Mas graças a Deus, à Torah, à Kaballah e à Madonnah, tenho encontrado bons judeus pelo caminho e acabei experimentando a sopa Borscht no VegeTao, o restaurante vegetariano da minha amiga Regina.
Gosto da versatilidade dessa sopa, porque pode ser servida quentinha nos dias frios e fria, no verão. E aqui em Manhattan, reduto dos judeus do mundo, resolvi tentar fazer a tal sopa para aquietar meu resfriado. Então, para cultivar a veia judaica que há em cada um de nós, aqui vai a Sopa Borscht. Dizem que cada um tem sua receita particular, variando os ingredientes. Eu fiz um "mix" com os ingredientes que julguei sensatos:
01 kg de beterrabas |
02 cenouras |
02 batatas |
03 tomates rasteiros maduros |
01 cebola |
Sal |
Pimenta do reino moída |
Azeite de oliva |
03 folhas de louro |
Ramos de funcho ou "dill" frescos |
Sour Cream (ou creme de leite azedo, em tupiniquim) |
1/4 de carne moída ou em pedaços |
Um montão de água |
03 colheres de sopa de vinagre de vinho tinto |
Cozinhe a carne para fazer um caldo de carne. Quando estiver cozida, despeje os legumes, o sal, a pimenta, o vinagre, o louro. Os legumes, bem como o alho e a cebola devem estar previamente ralados ou, se preferir, cozinhe todos eles em pedaços pequenos e bata tudo no liquidificador após. Quando os legumes estivem bem cozidos (o parâmetro de cozimento é a cenoura estar mole, porque é a mais dura de todas), pode acrescentar a carne e deixar cozinhar mais um pouco. No finalzinho, acrescente uns galhos de funcho.
Sirva em prato fundo ou cumbucas, acrescentando uma colher de sopa de sour cream no meio, para ser misturado depois e um galhinho de funcho para enfeitar.
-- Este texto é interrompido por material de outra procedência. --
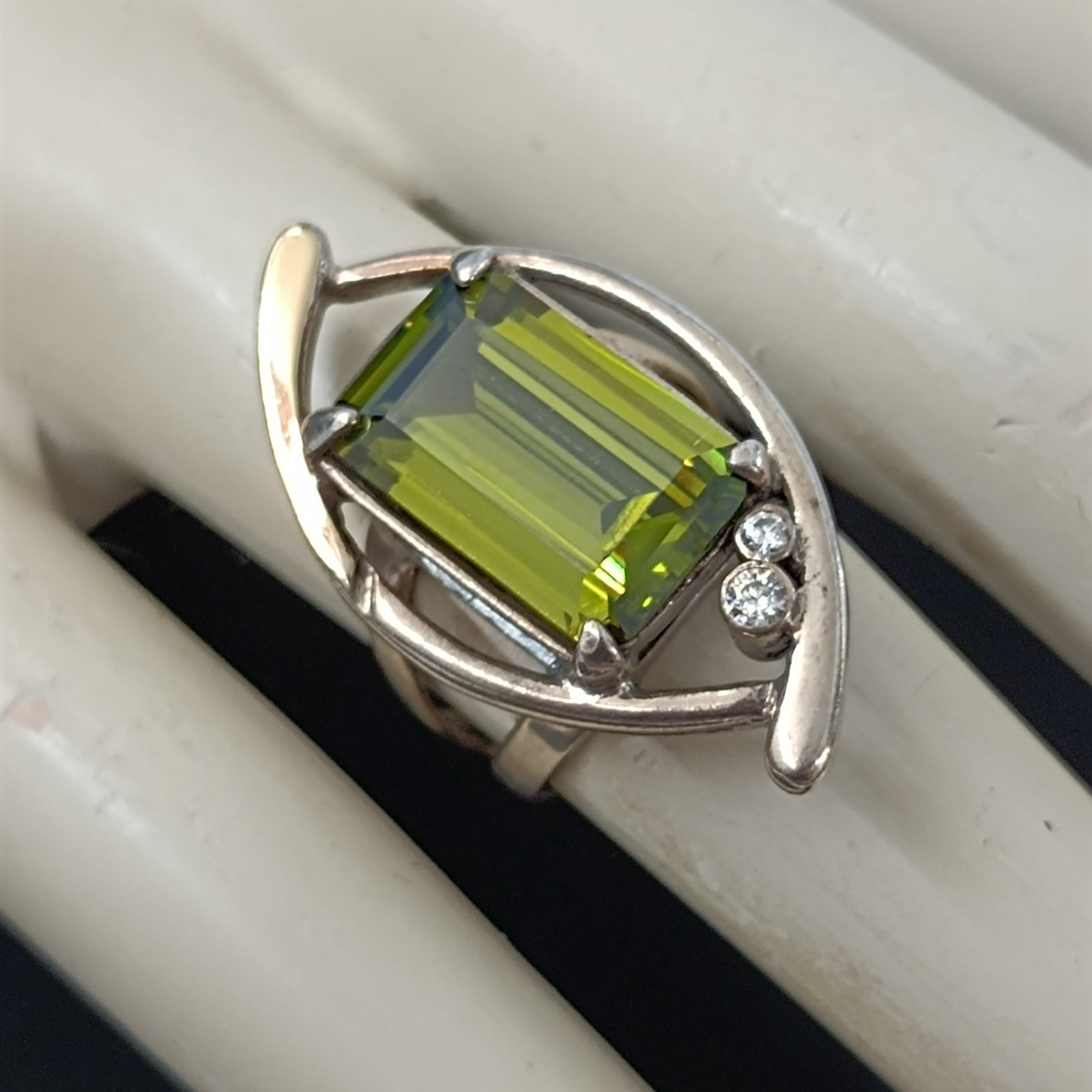 Modernist Statement Ring Sterling Silver Olive Green Stone Rolled Gold Cocktail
Taí. Eu tomei e ficou deliciosa, deu um calorzão daqueles. Eu que sou órfão bilateral de avós, senti uma dessas avós judias ancestrais me oferecendo essa deliciosa sopa para sarar meu resfriado. Mas escondido dela, tomei um bom vinho: um natural wine, Les Foulards Rouges - Le Soif du Mal, composto de uvas Syrah e Grenache. Sabor suave, parece menos alcoólico do que é na verdade. Combinou com o "momento beterraba" da noite.